Writing a simple Compiler on my own - Creating a grammar for our Language

in programming •  2 years ago  (edited)

    Hello it's a me again Drifter Programming! Today we get to my Compiler series again to create a grammar for our Language! In my post "A simple C Language" I covered most stuff that has to do with our language which are all the tokens (keywords, operators, identifiers etc.) and the basic structure of such a "C-like" program, but we didn't create a grammar. This is exactly what we will do today!

So, without further do, let's get started!

How we will write the grammar

    Creating a grammar for a language directly in Bison rules is difficult and so I will try making it simpler to understand by writing some statements (for, while, definitions etc.) in the Language that we want to end up with.

    This actually means that we will see where and how each token (keywords, operators etc.) is being used. That way we find out how the grammar and language is build up (in tokens) and can then define simple rules to form our first Bison parser!

    You can clearly see that this method will make it much easier for us to write the grammar, because it will give us the fundamental building blocks of the language. After creating the basic structure we can of course insert more rules that will extend our grammar and we can even define more tokens (lexical units) that will be used in new statements.


The Language 

    In the post "A simple C Language" we defined a simpler C-Language that is much simpler then the actual C Language and contains less tokens and statements.

Let's get into some of the main and fundamental things that the language contains.

In this language we can declare variables, arrays, pointers, functions of the types:

  • char    (CHAR keyword)
  • int    (INT keyword)
  • float    (FLOAT keyword)
  • double    (DOUBLE keyword)
  • void    (VOID keyword)


We have conditional statements that use the keywords:

  • IF
  • ELSE
  • ELSE IF     (combination)


We have loops that are made using the keywords:

  • FOR    (for loop)
  • WHILE    (while loop)


We have some other keywords that are for specific actions:

  • CONTINUE -> go to the next iteration of a loop
  • BREAK -> break out of a loop
  • RETURN -> return to function that called (maybe even with return-value) or to the operating system 


We have the following arithmetic and boolean operators:

  • + and -    (addition and substraction operators)
  • * and /    (multiplication and division)
  • ++ and --    (increment and decrement)
  • ||    (boolean or)
  • !    (boolean not)
  • &&    (boolean and)
  •  == and !=    (equality and inequality)
  •  > or < or >= or <=    (relational operators)


We also have:

  • identifiers (ID)
  • integer constants (ICONST)
  • floating point constants(FCONST)
  • printable ASCII characters (CCONST)
  • sequences of characters (STRING)


Other tokens:

  • '('   ')' -> parentheses
  • '['   ']' -> brackets
  • '{'   '}' -> bracelets
  • ';'   '.'   ',' -> semi, dot and comma
  • '='   '&' -> assign and reference
  • (EOF) -> end of file
Directly from the previous post


And of course there are also comments of the forms:

  • single-line comment (anything after "//")
  • multiple-line comment (anything between "/*" and "*/")
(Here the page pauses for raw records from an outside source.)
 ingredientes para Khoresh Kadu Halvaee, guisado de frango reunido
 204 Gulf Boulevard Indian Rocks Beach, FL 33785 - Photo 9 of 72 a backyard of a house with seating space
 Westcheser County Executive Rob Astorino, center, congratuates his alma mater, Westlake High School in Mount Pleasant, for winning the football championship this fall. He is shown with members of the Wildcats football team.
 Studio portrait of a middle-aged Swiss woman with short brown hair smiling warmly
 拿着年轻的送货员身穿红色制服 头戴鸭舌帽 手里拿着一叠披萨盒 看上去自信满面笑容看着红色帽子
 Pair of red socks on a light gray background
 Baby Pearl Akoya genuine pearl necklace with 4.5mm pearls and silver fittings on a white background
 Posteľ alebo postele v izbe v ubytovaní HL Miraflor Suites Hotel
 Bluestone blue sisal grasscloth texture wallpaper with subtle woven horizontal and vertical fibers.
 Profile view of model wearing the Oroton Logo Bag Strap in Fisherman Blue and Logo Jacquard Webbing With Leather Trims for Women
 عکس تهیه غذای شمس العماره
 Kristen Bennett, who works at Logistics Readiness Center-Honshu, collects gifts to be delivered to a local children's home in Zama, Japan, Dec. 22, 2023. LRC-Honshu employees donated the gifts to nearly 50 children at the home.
All of that was already discussed in the post "A simple C language"!

But, how is the syntax of all those statements and operations?


Let's get started with the most simple one which is the definition of variables, arrays etc.

Declarations

To declare a variable we write something in the form:

type name;

The type will of course be anything from the types: int, char, float, double or void.

     This means that we need to have a rule "type" (non-terminal) that has 5 right-sides which will be the type-keywords (terminals) for each of those 5 types.

    The name on the other hand is an identifier (ID) and so a terminal symbol. We don't need to define a special rule for one variable, but we will have to when we get into more variables.

So, the variable declaration looks like this:

declaration: type ID ';' ;
type: INT | CHAR | FLOAT | DOUBLE | VOID;

For example:

float a;

Which is an integer variable with name/identifier a.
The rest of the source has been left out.